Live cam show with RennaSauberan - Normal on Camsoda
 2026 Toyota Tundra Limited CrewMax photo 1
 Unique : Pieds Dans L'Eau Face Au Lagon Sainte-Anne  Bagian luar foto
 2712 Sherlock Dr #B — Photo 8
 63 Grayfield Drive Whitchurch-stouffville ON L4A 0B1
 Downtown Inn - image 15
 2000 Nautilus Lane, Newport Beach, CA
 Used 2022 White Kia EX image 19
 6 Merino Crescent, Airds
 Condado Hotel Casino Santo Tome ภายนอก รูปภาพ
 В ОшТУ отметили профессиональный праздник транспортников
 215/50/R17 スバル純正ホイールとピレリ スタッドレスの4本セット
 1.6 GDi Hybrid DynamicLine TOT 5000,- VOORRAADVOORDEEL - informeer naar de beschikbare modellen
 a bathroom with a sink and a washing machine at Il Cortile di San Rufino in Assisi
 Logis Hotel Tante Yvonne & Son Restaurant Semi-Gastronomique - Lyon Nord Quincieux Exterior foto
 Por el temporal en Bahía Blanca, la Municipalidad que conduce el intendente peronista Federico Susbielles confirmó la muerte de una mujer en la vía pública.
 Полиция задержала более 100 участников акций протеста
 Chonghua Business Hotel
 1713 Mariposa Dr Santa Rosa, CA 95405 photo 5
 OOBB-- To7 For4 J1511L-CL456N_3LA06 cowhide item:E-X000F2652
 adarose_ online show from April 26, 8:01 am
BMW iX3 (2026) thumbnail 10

☆ ☆ ☆ ☆ ☆

BRIEF:
Exactly as shown above, copy out the material.

THE ANSWER:
Live cam show with RennaSauberan - Normal on Camsoda
 2026 Toyota Tundra Limited CrewMax photo 1
 Unique : Pieds Dans L'Eau Face Au Lagon Sainte-Anne  Bagian luar foto
 2712 Sherlock Dr #B — Photo 8
 63 Grayfield Drive Whitchurch-stouffville ON L4A 0B1
 Downtown Inn - image 15
 2000 Nautilus Lane, Newport Beach, CA
 Used 2022 White Kia EX image 19
 6 Merino Crescent, Airds
 Condado Hotel Casino Santo Tome ภายนอก รูปภาพ
 В ОшТУ отметили профессиональный праздник транспортников
 215/50/R17 スバル純正ホイールとピレリ スタッドレスの4本セット
 1.6 GDi Hybrid DynamicLine TOT 5000,- VOORRAADVOORDEEL - informeer naar de beschikbare modellen
 a bathroom with a sink and a washing machine at Il Cortile di San Rufino in Assisi
 Logis Hotel Tante Yvonne & Son Restaurant Semi-Gastronomique - Lyon Nord Quincieux Exterior foto
 Por el temporal en Bahía Blanca, la Municipalidad que conduce el intendente peronista Federico Susbielles confirmó la muerte de una mujer en la vía pública.
 Полиция задержала более 100 участников акций протеста
 Chonghua Business Hotel
 1713 Mariposa Dr Santa Rosa, CA 95405 photo 5
 OOBB-- To7 For4 J1511L-CL456N_3LA06 cowhide item:E-X000F2652
 adarose_ online show from April 26, 8:01 am
BMW iX3 (2026) thumbnail 10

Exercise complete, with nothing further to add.